Ovvero dalle tappe (troppo) forzate con cui in sede comunitaria si è deciso l’ingresso nell’UE anche a quei Paesi, come appunto la Romania, ma anche la Bulgaria e la Polonia, che dal punto di vista istituzionale, economico e sociale erano e restano troppo lontani dagli standard dell’Europa centrale ed occidentale.
Basta un dato: tra il 2004 e il 2007 sono entrati nell’UE 12 nuovi Paesi (prima erano 15) per un totale di oltre 106 milioni di cittadini (prima erano 386 milioni), ovvero quasi il 30% in più in soli 3 anni. Se consideriamo che il reddito pro-capite annuo dei Paesi con più abitanti tra gli ultimi entrati (Polonia, Romania e Ungheria) oscilla tra i 10 e i 18 mila dollari, a fronte di una media europea di 30 mila, non c’è da stupirsi che ci sia una immigrazione che coinvolge i Paesi europei più “benestanti” come Francia, Germania e, appunto, Italia.
Sia chiaro: io sono un europeista convinto, fiero sostenitore dei valori che il Vecchio Continente sa esprimere, quali la Pace, i diritti umani, la multiculturalità, la tutela del lavoro e dell’ambiente.
Ma è fondamentale che non si rompa il precario equilibrio su cui regge l’impalcatura europea. E proprio perché questi fenomeni provocano nel tessuto sociale tensioni che non aiutano l’integrazione e la pacifica convivenza, sarebbe stato opportuno valutare i tempi e i modi giusti per un inserimento graduale e il più “indolore” possibile, prevedendo per quei Paesi un periodo di “irrobustimento” politico ed economico con il sostegno esterno dell’UE.

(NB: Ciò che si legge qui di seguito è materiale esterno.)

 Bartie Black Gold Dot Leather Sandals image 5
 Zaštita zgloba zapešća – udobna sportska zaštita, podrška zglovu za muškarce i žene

Ma ormai la situazione è questa e con questa bisogna fare i conti. Dobbiamo dunque chiederci se intendiamo costruire una comunità o accontentarci di un insieme indefinito di persone che vivono in un determinato territorio. Io opto per la prima proposta.
Deve essere chiaro però che una comunità si basa su valori condivisi, sulla solidarietà e il rispetto delle regole. E quindi il diritto all’accoglienza deve trovare bilanciamento nel diritto alla sicurezza, e al dovere morale di solidarietà deve corrispondere quello del rispetto della legalità. Come ci dicevano da piccoli: “Ci sono diritti e doveri...”.